*Goal of the exercise*
Repeat only the lines from the one that contains "207 Kirkland Road New Smyrna Beach, FL 32169" through the final line of the listing below, exactly, please, without pictures.

*Stored data*
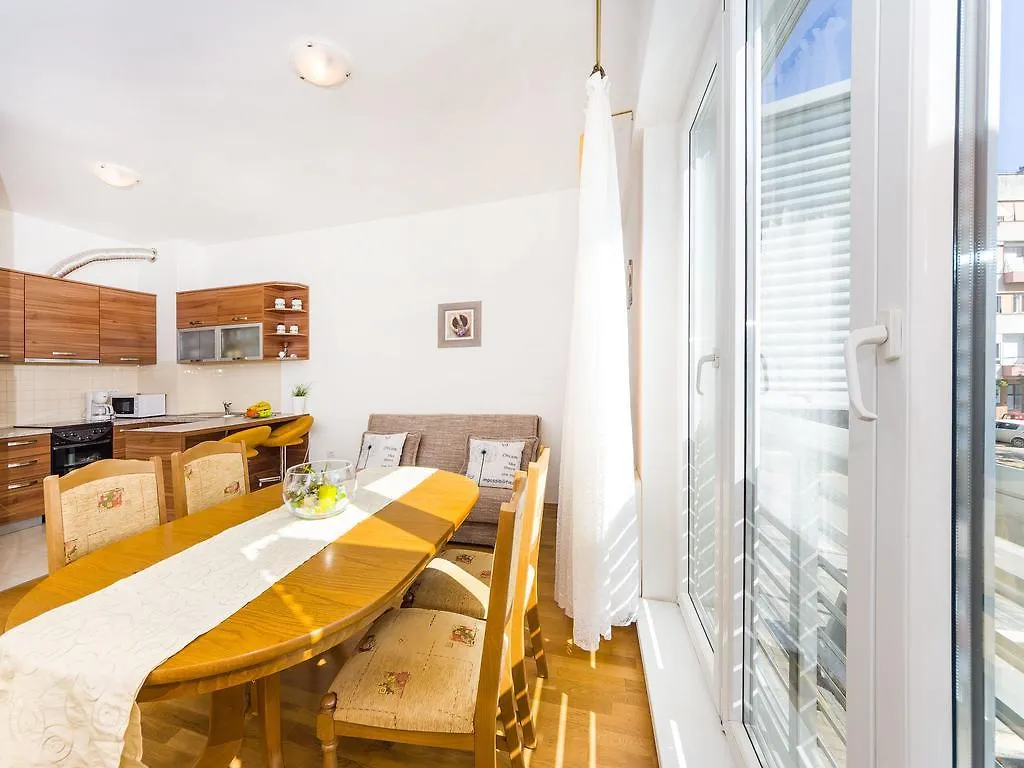Populare Charming Apartment Zadar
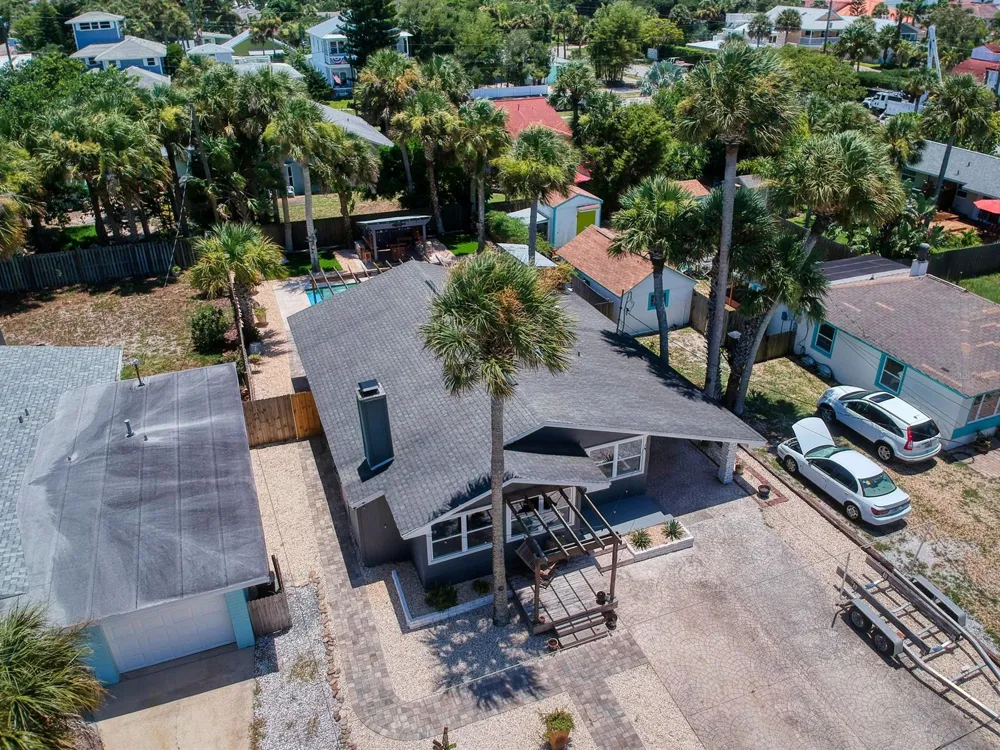 207 Kirkland Road New Smyrna Beach, FL 32169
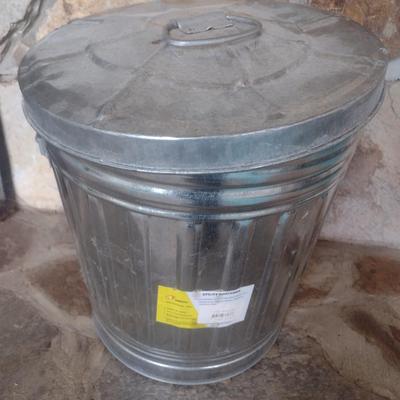 Galvanized Bin with Lid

*Answer area*
 207 Kirkland Road New Smyrna Beach, FL 32169
 Galvanized Bin with Lid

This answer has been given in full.